By the end of the seventeenth century the Muslim “savage” and the Indian “savage” became completely superimposable in English thought and ideology. But it was only in the eighteenth century that this superimposition was transferred into the colonial discourse; in that century a colonial discourse against Islam in the full sense of the term evolved. After over two centuries of conquering, dominating, and enslaving Americans and sub-Saharan Africans, Britons found that their discourse of empire had become fully articulated and fully transferable anywhere in the world. They had begun to conceive of a new imperial world order to be ruled by Britannia. And in this new order the Mediterranean was ready for Britannic domination.

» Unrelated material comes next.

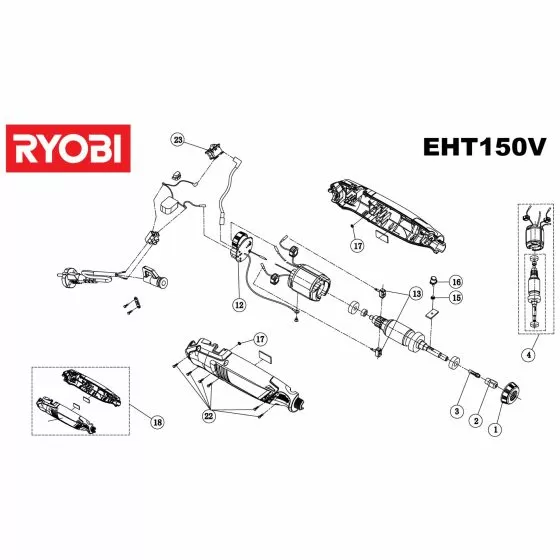 Ryobi EHT150V Spare Parts List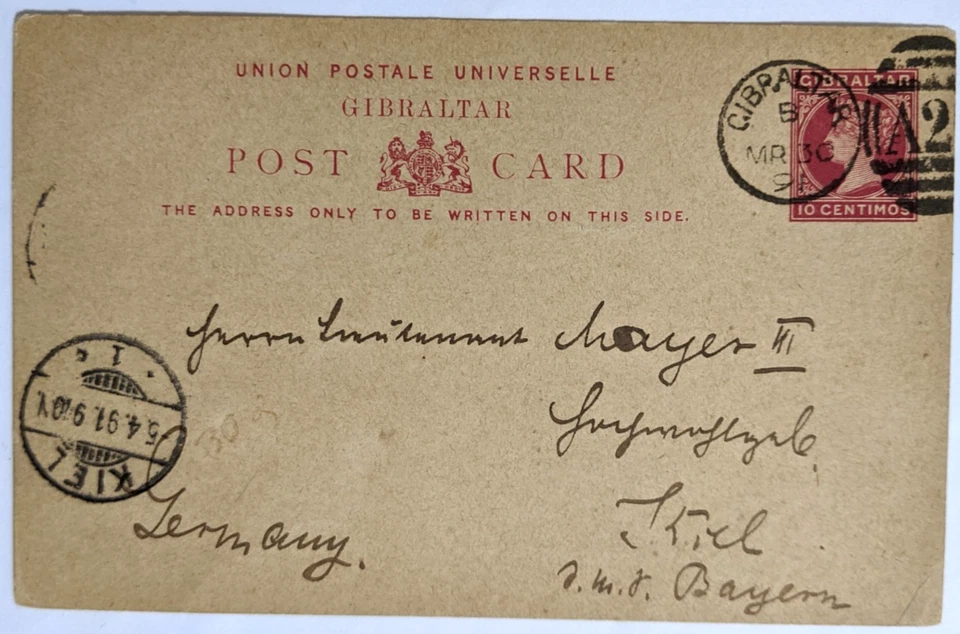 Gibraltar británico--Teniente Mayer, SMS "Bayern", Kiel, DE/Rojo, 10 centavos. PSC/3/30/1891 Foto 1 de 2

This transferability of discourses can be traced in the works of Daniel Defoe. In 1728, about a hundred years after the beginning of the Great Migration to America, Defoe reflected on the history of English commerce and the prospects for its future. He was deeply satisfied by the extent of British trade when he viewed the vast territories that were colonized by his compatriots or serviced by their merchant ships. Defoe, however, was aware of competition, and hoped that England would expand its markets by integrating the natives of many parts of the world into the commercial cycle. For, he noted, while the Portuguese and the Spaniards had made the native populations of South America and Africa “subservient to Trade as well as to Government,” England had failed to do so in her American colonies, and had not integrated the native populations into the commercial and political infrastructure. Rather, Britons had developed an ideology of excluding natives and relying completely on themselves both as producers and consumers. They had failed to create markets among the native populations, although the natives offered an “Ocean of Commerce” that would reward both exploration and exploitation.3

Aside from this failure the only thorn in Defoe’s English side was that of the “Turks or Moors of Tunis, Tripoli, Algier, and Sallee.” These Muslims were delaying and sometimes threatening the fulfillment of Defoe’s imperial dreams of trade by attacking British ships in the Mediterranean and the Atlantic. And for Defoe there could be no evil greater than a people who were not eager to pursue trade. For him the world was divided between nations who traded and nations who did not—the two “cities” of modern capitalism. As he reflected on the North African states that did not trade he recalled Carthage, which had been a great trading city, and lamented that it had been overrun by the non-trading Vandals, and then “some Ages after them the Saracens, Arabians, and Mahomitans, came in over the Heads of the Vandals.”4 The Muslims in North Africa inherited the legacy not of commercially enterprising Carthage, but of the pillaging Vandals. And that, to Defoe, was an unforgivable flaw in their character: “These Mahometans, as I have said of the Turks, have very little Inclination to Trade, they have no Gust to it, no Taste of it, or of the Advantages of it; but dwelling on the Sea-coast, and being a rapacious, cruel, violent, and tyrannical People, void of all Industry or Application, neglecting all Culture and Improvement, it made them Thieves and Robbers, as naturally as Idleness makes Beggars: They disdain’d all Industry and Labour.”5 For Defoe, the Muslims were indolent non-traders, and the only way to confront them was for France, England, Spain, and Holland to unite their forces and “fall upon them [North African Moors] in separate Bodies, and in several Places at the same Time.”6 Just as a century before, the apologists for the colonization of America had advocated a “falling upon” the Indians, Defoe advocated attacking the North Africans for the same commercial and imperialist reasons.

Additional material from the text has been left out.